Если же вы приглашены в дом на обед, хозяева постараются сделать для вас все возможное. Придите за полчасика, но не раньше. Здесь будут все те же взаимные знаки внимания, только еще в большем количестве. За едой вы можете пожелать хозяевам: «Дайман ‘амир!» («Пусть всегда ваш дом будет полон гостей!») Не забывайте хвалить приготовление пищи. Вообще, когда вам что-либо хорошо сделали, будь то хорошо сшитый портным костюм или хорошо приготовленная хозяевами пища, следует сказать: «Алла наввар алеку!» («Аллах осветил вас!») Для выражения благодарности есть хорошая фраза: «Тислям идеек!» («Да будут благословенными твои руки!») И это пожелание не останется без ответа, вам тут же скажут: «Алла йисаллимак!» («Да благословит тебя Аллах!») или: «Ишт!» («Живи!», «Жизни тебе!») Кажется, не только египтяне любят, чтобы их хвалили, но здесь не похвалить просто неприлично. Если вы чувствуете, что переборщили, непременно добавьте, что все, что вы говорите, «муш мугамля» («не для красного словца, не для комплимента»), а чистая правда. Хозяева будут усиленно угощать вас. Сделайте вид, что вы стесняетесь! Это позволит хозяевам еще лучше продемонстрировать свое гостеприимство и наговорить вам массу приятных вещей: «Ма тихтишиш», «Илъ-бет бетак» («Не стесняйся», «Этот дом – твой дом»), «Куль иль-хитта ди ‘альшан хатри» («Съешь этот кусочек ради меня») и т. п. Но все хорошее кончается, и ваш визит подойдет к концу. На вашу первую попытку уйти хозяин, как правило, ответит протестом. Через десять минут попытку можно возобновить, и если хозяин будет уж очень сильно настаивать, чтобы вы остались, то можно посидеть еще.
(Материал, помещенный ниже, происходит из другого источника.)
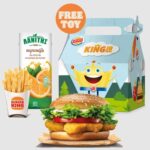 Burger King Kids Meal Vegan Nugget Burger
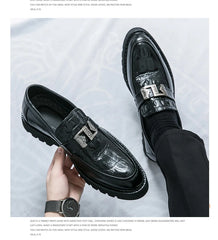 British Street Style Leather Loafers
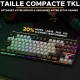 Клавиатура The G-Lab KEYZ CAESIUM Черен Сив Azerty френски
Хозяин обязательно проводит гостя до двери. Считается неприличным захлопывать дверь, пока гость находится еще в пределах видимости. На прощание хозяин и гости обязательно будут долго желать друг другу здоровья, благодарить, передавать приветы родственникам и приглашать в гости.
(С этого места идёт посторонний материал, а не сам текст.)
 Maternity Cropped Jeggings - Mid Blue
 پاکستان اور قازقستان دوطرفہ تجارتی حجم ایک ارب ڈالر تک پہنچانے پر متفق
Гостеприимство – прекрасная черта египетского парода. В бедной крестьянской семье, а особенно у бедуинов гостю отдадут последнее, могут зарезать в его честь единственную овцу. Египтяне гордятся своим гостеприимством, ценят это качество у других народов, Конечно, здесь сказываются и общеарабские, даже вообще восточные традиции. Гостеприимство воспевается в арабском фольклоре, оно свойственно жителям всех арабских стран. Что касается египтян, то они даже различают провинции страны по степени гостеприимства, восхваляют гостеприимных и щедрых и посмеиваются над скупыми. Обладателями высшей степени гостеприимства (карам) считаются жители дельты Нила, скупцами – жители так называемых прибрежных провинций (ас-савахлийа) – Суэца, Думьята и др. Перечисляя провинции карама, каирцы вам назовут аш-Шаркийю, затем Бени-Суэйф, Кену, Сухаг, Минью. Конечно, может быть, это лишь предубеждение каирцев, пережитки соперничества жителей различных зон Египта, по подобное мнение вы можете услышать и за пределами Каира. Репутацию самых негостеприимных и скупых людей имеют жители Асьюта. Рассказывают, будто житель этой провинции весьма своеобразно интерпретирует формулы угощения, обращаясь к приехавшему к нему гостю. Он сначала спросит его: «Тиги анди уалля филь люканда аръях?» («Остановитесь у меня или в гостинице вам будет удобнее?», а затем будет предлагать угощение: «Тшираб шай уалля тсаууад синанак?» («Выпьете чаю или боитесь окрасить зубы?») или: «Тит‘ашша уалля тфаддалъ тинам хафиф?» («Поужинаете или предпочитаете лечь спать с легким желудком?») В этом случае гостю остается только ретироваться.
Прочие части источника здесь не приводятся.